Impact of Corrosion and Causes of Failure on a Metal Structure
No system is immune to failure, corrosion, or other degradation. Whether it is rapid or gradual, planned or unexpected, there is always the possibility of failure during production, manufacturing, or service. The consequences can range from minor inconvenience to catastrophic loss of lives. Rigorous quality controls, validated production methods and in-service inspection can all reduce the probability of failure, as well as detailed investigation of all failures to establish the root cause and take appropriate corrective future actions.
The largest failures can result from small deviations or deviations during manufacturing - pores, inclusions, cracks, residual stress, or even small inhomogeneities in the microstructure. Failure may also be a result of operation outside of normal service conditions, sudden unexpected events, or part of planned obsolescence.
Microscopy is a key tool in both failure analysis and corrosion assessment, with all of the below techniques and more being used to determine the extent, mechanism, and features of corrosion as well as determine the root cause of failure.
- Light microscopy
- Electron microscopy
- Confocal light microscopy
- EDS
- EBSD
- Raman spectroscopy
- X-ray computed tomography
- X-ray microscopy
- FIB-SEM
ZEISS software allows easy correlation between multiple data sets taken on different microscopes, showing all of the features in context and aiding the investigator in building a full and complete understanding of sudden failure or gradual degradation over time.

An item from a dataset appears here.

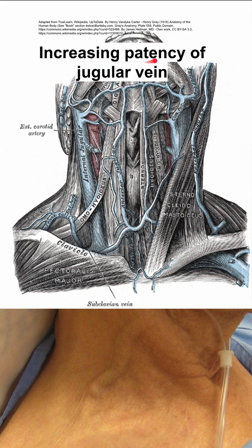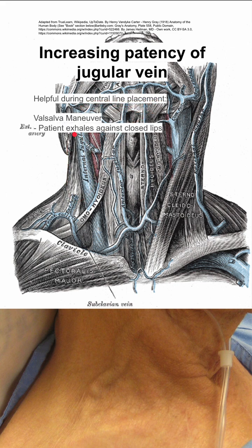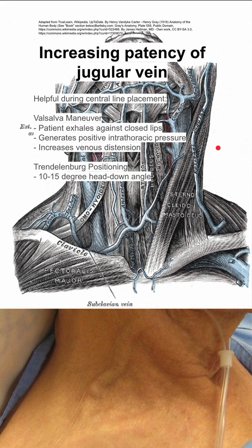Here are some methods of increasing the patency of jugular veins, which is helpful during central line placement in the internal jugular vein. You can do a Valsalva maneuver where the patient exhales against closed lips. This generates positive intrathoracic pressure and increases venous distension.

Submicron 3D imaging of Metals And Alloys
The properties of metals and alloys are controlled by their microstructure at all points along the production process - from casting, forging, extrusion through to machining, welding, fabrication and service. Material microstructures are three-dimensional, and may not be uniform in all directions, and may contain pores, voids, cracks, different phases and other geometric features. High resolution scanning is necessary, with full 3D mapping and computed tomography of all sub-surface features and density variations.
Standard X-ray computed tomography (CT) is limited to small sample sizes when imaging at high resolution; due to the geometric nature of magnification. Maintaining high resolution (400nm) for larger samples is possible due to the longer working distance required. The ZEISS Xradia 600 series Versa X-ray microscopes integrate dual-stage magnification architecture with high flux X-ray source technology - enabling faster non-destructive scans, more sample runs, higher contrast to noise as well as greatly improved resolution at a distance compared to standard CT systems, even of large samples.
This capability is further enhanced by LabDCT (Diffraction Contrast Tomography) enabling non-destructive mapping of grain crystallographic orientation and microstructure in 3D. This opens up a new dimension in the characterization of metal alloys and polycrystalline materials. It is even possible to investigate microstructural evolution with 4D imaging experiments.